The floor jolted again, and Raizen dropped into the padded pit with a grunt. He groaned, climbing back up, and Kori's laugh rang out like bells. "Perfect landing! Beautiful start!"
They trained until sweat slicked their skin and their legs trembled with every step. Mina's calm voice cut through between rounds. "Boy's reaction time improving. Girl's readings… unusual… Again"
During a short break, Raizen collapsed on his back, chest heaving. "Who designed this? Sadists?"
Kori chuckled. "Close. The Phalanx. Back when I was with them, this was warm-up."
Raizen blinked, wiping his face. "Phalanx?"
Kori raised a brow. "Never heard of them?"
He shook his head.
"They were… let's say, the ones who fought when no one else could. Seven of us. Best of the best. The Nyxes bled when the Phalanx moved. Legends now, whispers in taverns. Most are gone." She said it like she was talking about a card game she'd once played and gotten bored of.
Raizen's grin came back, crooked but real. "Then I'll just have to be better than them."
Kori barked a laugh. "Kid, I like your insanity."
She flicked her fingers at Mina. "Grid: hardest pattern. Full shuffle. Let's give them a show."
"Come on, Kori, you know the max setting jams the motors sometimes…" sighed Mina, as she was hesitantly pushing buttons and turning knobs until they looked like they were going to pop off.
The tiles snapped into violent motion, impossible to predict, yet Kori stepped onto them casually. Her body flowed with the shifting ground, each movement confident, playful even. She strolled across like the floor was steady earth, her balance unshakable.
Raizen's eyes widened, not just at her skill, but at her right eye. For a moment, when the light caught under her fringe, her covered eye was visible. Not human.
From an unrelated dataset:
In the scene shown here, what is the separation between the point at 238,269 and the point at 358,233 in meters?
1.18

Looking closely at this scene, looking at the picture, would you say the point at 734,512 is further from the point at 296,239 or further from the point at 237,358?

A snowflake pattern shimmered across the iris, sharp and crystalline, as if winter itself had frozen in her gaze. Cold, beautiful, and terrifying.
He froze, breath caught in his throat. He couldn't decide if it was beautiful or wrong, and that scared him most.
Kori noticed him staring. Her grin turned sharp.
"What's wrong, kid? Never seen real power before?"